=== Begin Enclosure ===
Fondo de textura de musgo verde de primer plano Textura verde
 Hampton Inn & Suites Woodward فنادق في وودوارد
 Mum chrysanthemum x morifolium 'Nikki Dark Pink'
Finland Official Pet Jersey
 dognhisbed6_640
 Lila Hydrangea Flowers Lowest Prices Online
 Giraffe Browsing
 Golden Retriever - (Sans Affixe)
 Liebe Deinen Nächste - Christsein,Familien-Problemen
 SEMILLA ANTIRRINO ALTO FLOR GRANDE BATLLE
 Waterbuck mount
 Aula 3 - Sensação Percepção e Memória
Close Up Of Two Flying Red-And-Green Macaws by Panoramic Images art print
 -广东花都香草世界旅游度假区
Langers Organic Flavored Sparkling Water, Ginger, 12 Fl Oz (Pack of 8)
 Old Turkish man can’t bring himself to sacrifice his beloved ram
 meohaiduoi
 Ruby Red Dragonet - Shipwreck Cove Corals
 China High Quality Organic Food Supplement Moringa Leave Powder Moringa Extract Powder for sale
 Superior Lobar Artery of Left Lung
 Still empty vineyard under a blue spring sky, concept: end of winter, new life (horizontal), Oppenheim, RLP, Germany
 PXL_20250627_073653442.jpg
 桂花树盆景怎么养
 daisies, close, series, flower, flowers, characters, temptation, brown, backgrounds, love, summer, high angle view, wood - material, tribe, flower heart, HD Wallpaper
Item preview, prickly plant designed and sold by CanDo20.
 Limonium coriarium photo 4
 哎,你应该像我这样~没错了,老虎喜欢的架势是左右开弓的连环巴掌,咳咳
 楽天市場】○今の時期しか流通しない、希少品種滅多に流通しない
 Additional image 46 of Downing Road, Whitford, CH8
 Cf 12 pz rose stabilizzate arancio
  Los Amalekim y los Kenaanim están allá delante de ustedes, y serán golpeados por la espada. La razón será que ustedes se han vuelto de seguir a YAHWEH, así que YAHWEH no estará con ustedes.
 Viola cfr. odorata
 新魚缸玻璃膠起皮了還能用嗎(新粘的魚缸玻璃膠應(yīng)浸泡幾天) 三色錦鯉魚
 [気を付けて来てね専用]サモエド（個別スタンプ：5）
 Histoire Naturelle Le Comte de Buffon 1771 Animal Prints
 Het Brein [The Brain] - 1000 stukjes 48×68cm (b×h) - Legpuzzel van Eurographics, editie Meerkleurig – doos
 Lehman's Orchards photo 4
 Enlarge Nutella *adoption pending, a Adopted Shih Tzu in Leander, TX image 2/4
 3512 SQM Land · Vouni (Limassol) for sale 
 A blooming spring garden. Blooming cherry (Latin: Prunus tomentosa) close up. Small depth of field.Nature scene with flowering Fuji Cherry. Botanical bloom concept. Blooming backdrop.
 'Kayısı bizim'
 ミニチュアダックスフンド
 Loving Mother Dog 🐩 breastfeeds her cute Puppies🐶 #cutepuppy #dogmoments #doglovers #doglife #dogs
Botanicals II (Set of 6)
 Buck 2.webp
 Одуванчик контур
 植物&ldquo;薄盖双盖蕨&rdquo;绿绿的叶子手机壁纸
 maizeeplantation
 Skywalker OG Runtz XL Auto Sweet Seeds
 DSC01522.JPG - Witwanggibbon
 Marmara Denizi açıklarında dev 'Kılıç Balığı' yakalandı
=== End Enclosure ===
WHAT IS BEING ASKED => Copy back the listing above exactly, but only from the line with "楽天市場】○今の時期しか流通しない、希少品種滅多に流通しない" through the line with "maizeeplantation", both ends included.

EXERCISE RESPONSE =>
 楽天市場】○今の時期しか流通しない、希少品種滅多に流通しない
 Additional image 46 of Downing Road, Whitford, CH8
 Cf 12 pz rose stabilizzate arancio
  Los Amalekim y los Kenaanim están allá delante de ustedes, y serán golpeados por la espada. La razón será que ustedes se han vuelto de seguir a YAHWEH, así que YAHWEH no estará con ustedes.
 Viola cfr. odorata
 新魚缸玻璃膠起皮了還能用嗎(新粘的魚缸玻璃膠應(yīng)浸泡幾天) 三色錦鯉魚
 [気を付けて来てね専用]サモエド（個別スタンプ：5）
 Histoire Naturelle Le Comte de Buffon 1771 Animal Prints
 Het Brein [The Brain] - 1000 stukjes 48×68cm (b×h) - Legpuzzel van Eurographics, editie Meerkleurig – doos
 Lehman's Orchards photo 4
 Enlarge Nutella *adoption pending, a Adopted Shih Tzu in Leander, TX image 2/4
 3512 SQM Land · Vouni (Limassol) for sale 
 A blooming spring garden. Blooming cherry (Latin: Prunus tomentosa) close up. Small depth of field.Nature scene with flowering Fuji Cherry. Botanical bloom concept. Blooming backdrop.
 'Kayısı bizim'
 ミニチュアダックスフンド
 Loving Mother Dog 🐩 breastfeeds her cute Puppies🐶 #cutepuppy #dogmoments #doglovers #doglife #dogs
Botanicals II (Set of 6)
 Buck 2.webp
 Одуванчик контур
 植物&ldquo;薄盖双盖蕨&rdquo;绿绿的叶子手机壁纸
 maizeeplantation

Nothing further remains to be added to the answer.